Even if she's not found guilty of violating any major law, this kind of obstruction of justice alone is in a class of behavior we impeached her husband over. I imagine the FBI doesn't take kindly to the people they're investigating putting the bureau through hassles like this.
Yes, her situation is comparable to her husband's impeachment. It's 100% politically motivated.
>And the article lists various reasons why none of those would likely apply to her.
I guess we have different definitions of "likely" since the only reasons given are:
(1) Clinton and her aides have insisted that she didn't. They say none of her emails included material that was marked as classified at the time.
(2) She says she didn't, and there's no known evidence that she did.
(3) "If all she was doing was exchanging emails with her staff, I don't think they can prove that she had the intent to retain anything," a former top government lawyer told me.
Like I said, those are hardly unbiased or definitive assessments. Clinton and her aides have every reason to say that there was no wrongdoing. The government lawyer quoted even says "If" acknowledging that it is an assumption. As for the IG report, if it had said the violation was minor and mostly because of regulations implemented only after she left office, which had been claimed before, then it would be looking really good for her. As it stands, there is still an FBI investigation looming.
Does "not marked as classified at the time" mean what I think it does?
Obviously she did not change her automatic email footer to "Top Secret - Do not distribute - Thanks, H ;-)"
So of course none of her emails were marked - that's like saying "I am commiting a crime right here" since of course the server was insecure.

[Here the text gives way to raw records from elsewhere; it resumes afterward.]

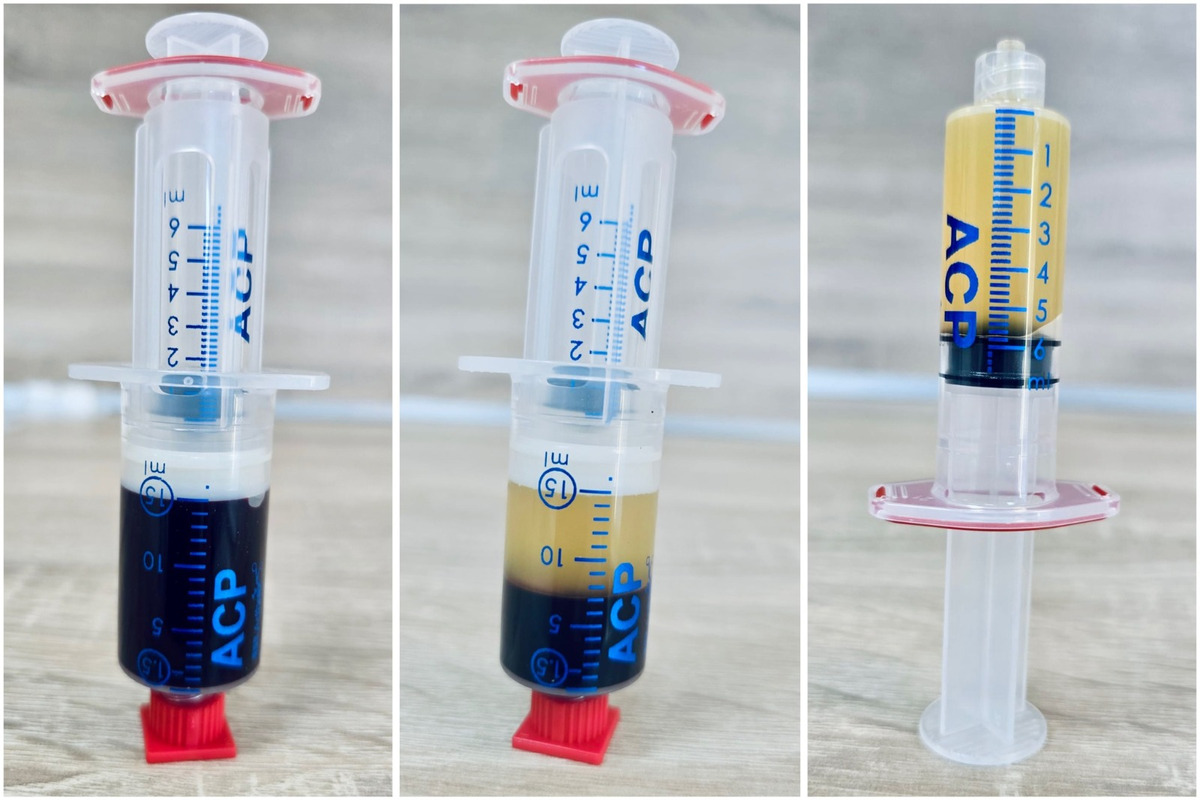 FOTO: Bánovská nemocnica prináša prelomovú terapiu. Liečba krvou pacienta urýchľuje hojenie, foto 2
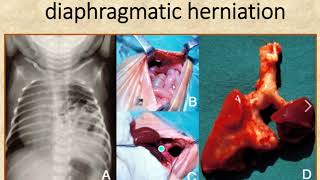 Clinical correlations of the respiratory system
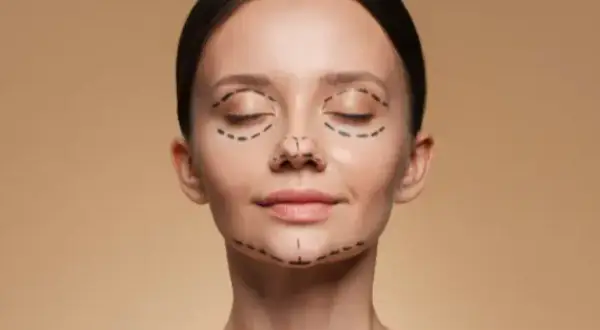Mujer con líneas de marcador en el rostro, indicando áreas para cirugía estética. Se busca corregir la asimetría facial para una apariencia más armoniosa.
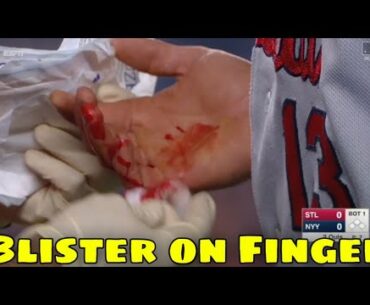 MLB | Unexpected Injuries 2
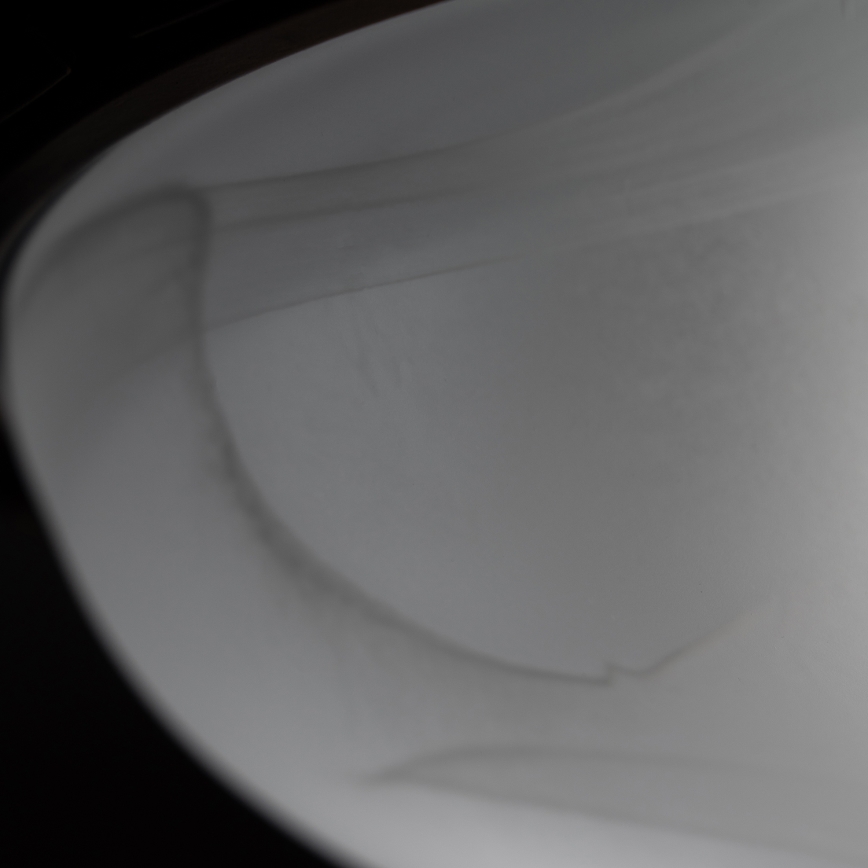 Brilagi - Plafondlamp FRESCO 2xE27/40W/230V Ø 30 cm koperkleurig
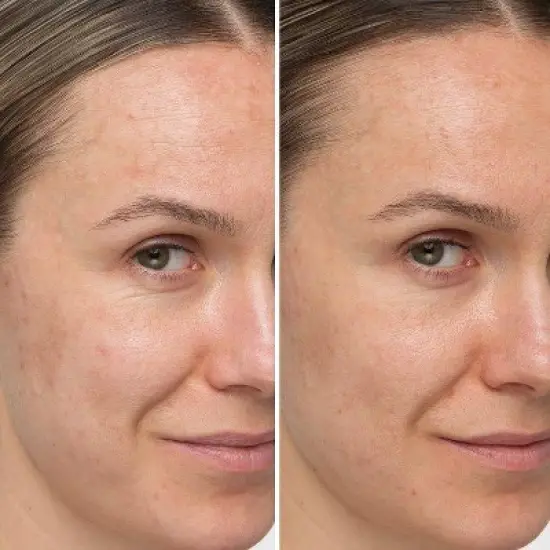 IT Cosmetics Confidence In A Cream Anti-Aging Face Moisturizer - Ulta Beauty image {2}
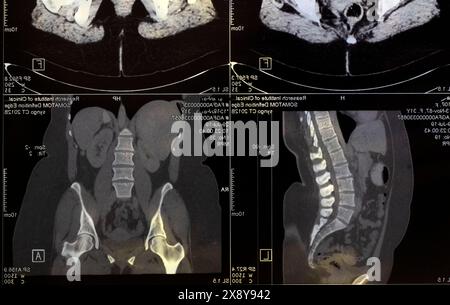 Tomodensitométrie magnétique photo de la femme Banque D'Images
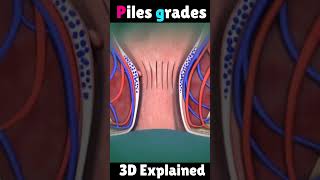 Download lagu Piles (बवासीर) grades 3d Animation #health mp3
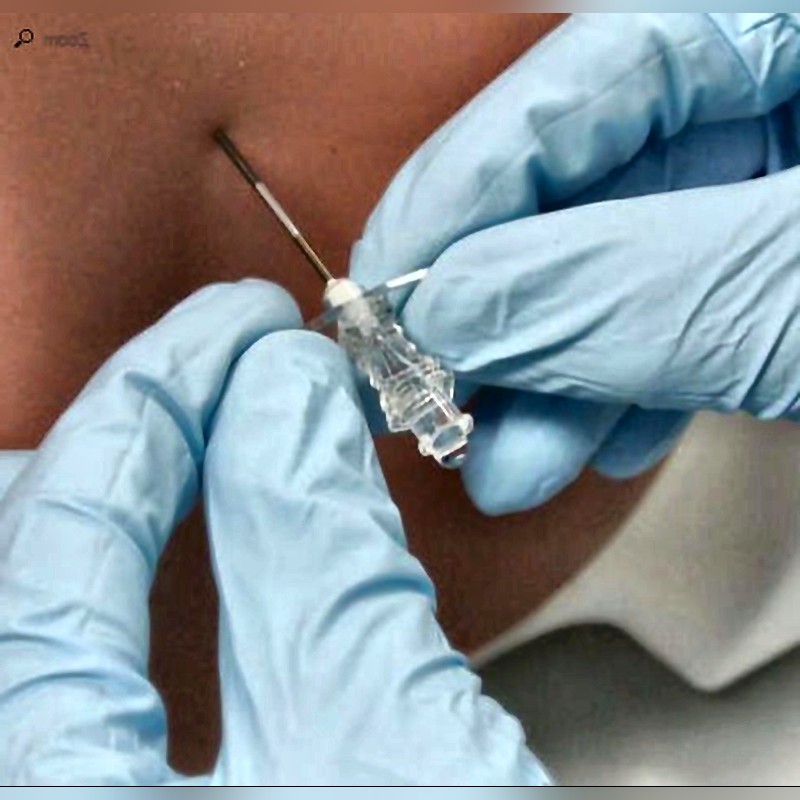 Epidural Anesthesia Simulator X-500 with Haptic Feedback Realistic Spinal Training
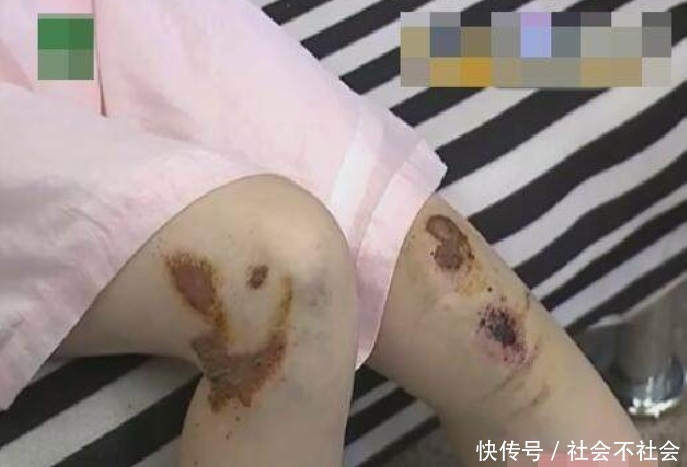 外卖小哥骑车撞人,不救人反而狂言:我有保险撞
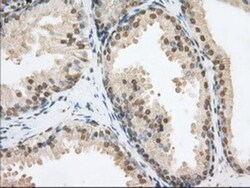 Phosphodiesterase 4A/PDE4A Antibody (OTI1C8), Novus Biologicals 0.1mL;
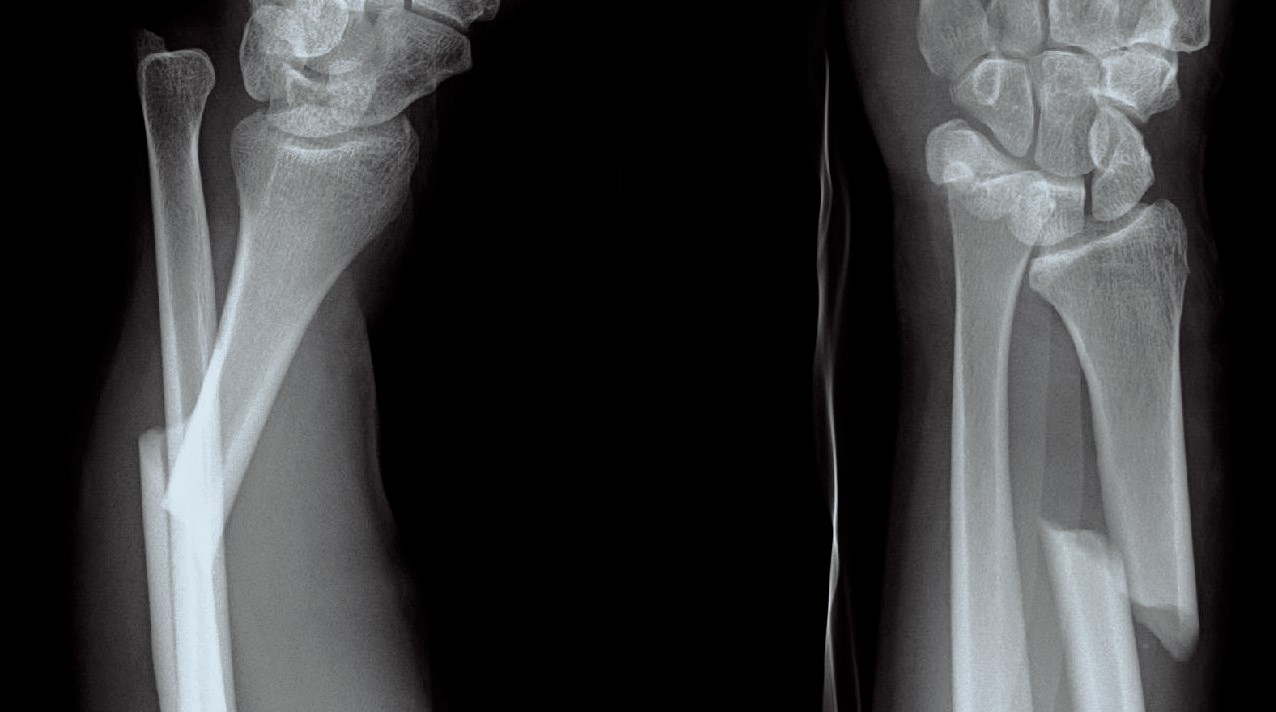 Röntgenbild som visar en fraktur av distala radien med dislokation av distala radioulnarleden.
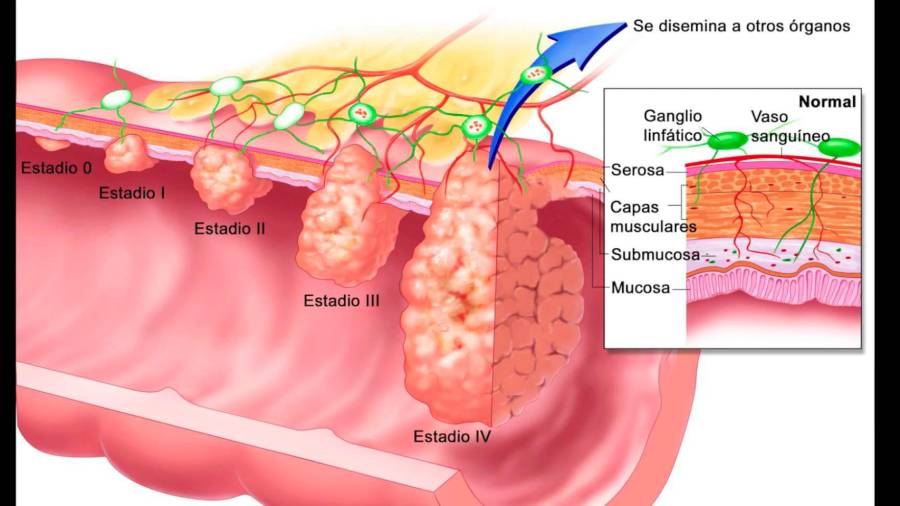 Desarrollo del cáncer de colon. Foto: Clínica Planas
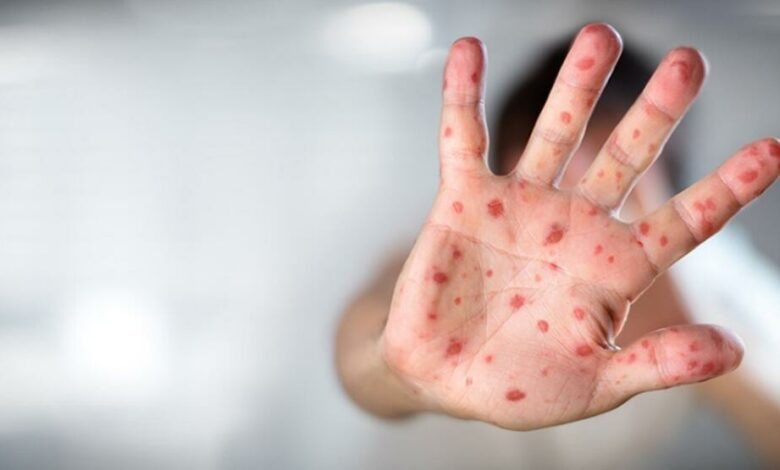 Russia reports first case of monkeypox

Is the content classified at the time, or even derived from a classified source? My understanding is there are perhaps thousands of emails to which this might apply, and the law needs only one. So it seems to me hopeless for Hillary to think the FBI would not recommend charges.
The bigger question is will the (current) AG decline to prosecute, and what about the next one?
1) That's because it's fact that none of her emails were marked as classified at the time. Not an opinion!
2) Her email exchanges are public. You would think they would have found proof of willful communication by now. They have not.
3) Requires intent, which is generally, objectively difficult to prove (see: libel laws).